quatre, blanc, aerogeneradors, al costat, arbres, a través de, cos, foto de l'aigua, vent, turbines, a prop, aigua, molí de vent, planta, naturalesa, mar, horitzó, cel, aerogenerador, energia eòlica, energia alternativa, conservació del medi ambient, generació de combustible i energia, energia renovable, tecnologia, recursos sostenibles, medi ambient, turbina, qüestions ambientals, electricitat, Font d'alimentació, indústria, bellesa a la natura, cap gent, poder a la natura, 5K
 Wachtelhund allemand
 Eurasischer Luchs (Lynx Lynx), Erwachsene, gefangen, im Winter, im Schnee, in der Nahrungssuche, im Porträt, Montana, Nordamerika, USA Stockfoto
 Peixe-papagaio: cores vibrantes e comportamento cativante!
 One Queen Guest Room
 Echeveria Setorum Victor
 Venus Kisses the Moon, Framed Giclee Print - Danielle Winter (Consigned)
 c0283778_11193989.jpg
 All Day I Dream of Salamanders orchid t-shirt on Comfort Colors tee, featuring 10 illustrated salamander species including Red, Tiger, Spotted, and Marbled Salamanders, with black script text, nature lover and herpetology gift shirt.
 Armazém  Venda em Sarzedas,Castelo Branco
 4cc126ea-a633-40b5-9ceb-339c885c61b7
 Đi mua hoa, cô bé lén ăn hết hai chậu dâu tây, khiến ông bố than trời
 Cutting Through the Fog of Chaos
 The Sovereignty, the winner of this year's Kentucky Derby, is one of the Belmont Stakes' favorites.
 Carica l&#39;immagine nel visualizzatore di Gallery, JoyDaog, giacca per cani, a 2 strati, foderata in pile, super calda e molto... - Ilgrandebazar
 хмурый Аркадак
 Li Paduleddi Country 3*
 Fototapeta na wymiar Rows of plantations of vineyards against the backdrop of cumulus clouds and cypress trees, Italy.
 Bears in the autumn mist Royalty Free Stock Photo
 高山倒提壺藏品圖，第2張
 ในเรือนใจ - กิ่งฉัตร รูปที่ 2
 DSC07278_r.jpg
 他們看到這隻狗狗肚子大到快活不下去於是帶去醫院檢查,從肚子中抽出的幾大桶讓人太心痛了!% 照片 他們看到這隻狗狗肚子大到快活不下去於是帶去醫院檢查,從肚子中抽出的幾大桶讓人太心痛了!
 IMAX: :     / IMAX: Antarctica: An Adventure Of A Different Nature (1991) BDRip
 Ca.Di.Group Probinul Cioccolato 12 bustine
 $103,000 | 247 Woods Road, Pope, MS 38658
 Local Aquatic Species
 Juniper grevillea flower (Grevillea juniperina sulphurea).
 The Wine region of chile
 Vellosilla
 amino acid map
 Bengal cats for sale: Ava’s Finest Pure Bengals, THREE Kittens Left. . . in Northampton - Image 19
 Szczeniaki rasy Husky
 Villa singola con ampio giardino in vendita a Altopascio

----------

Exercise directions — Produce an exact copy of the lines from the one containing "Ca.Di.Group Probinul Cioccolato 12 bustine" through the final line of the data, both ends included, and only those.

Solved exercise —
 Ca.Di.Group Probinul Cioccolato 12 bustine
 $103,000 | 247 Woods Road, Pope, MS 38658
 Local Aquatic Species
 Juniper grevillea flower (Grevillea juniperina sulphurea).
 The Wine region of chile
 Vellosilla
 amino acid map
 Bengal cats for sale: Ava’s Finest Pure Bengals, THREE Kittens Left. . . in Northampton - Image 19
 Szczeniaki rasy Husky
 Villa singola con ampio giardino in vendita a Altopascio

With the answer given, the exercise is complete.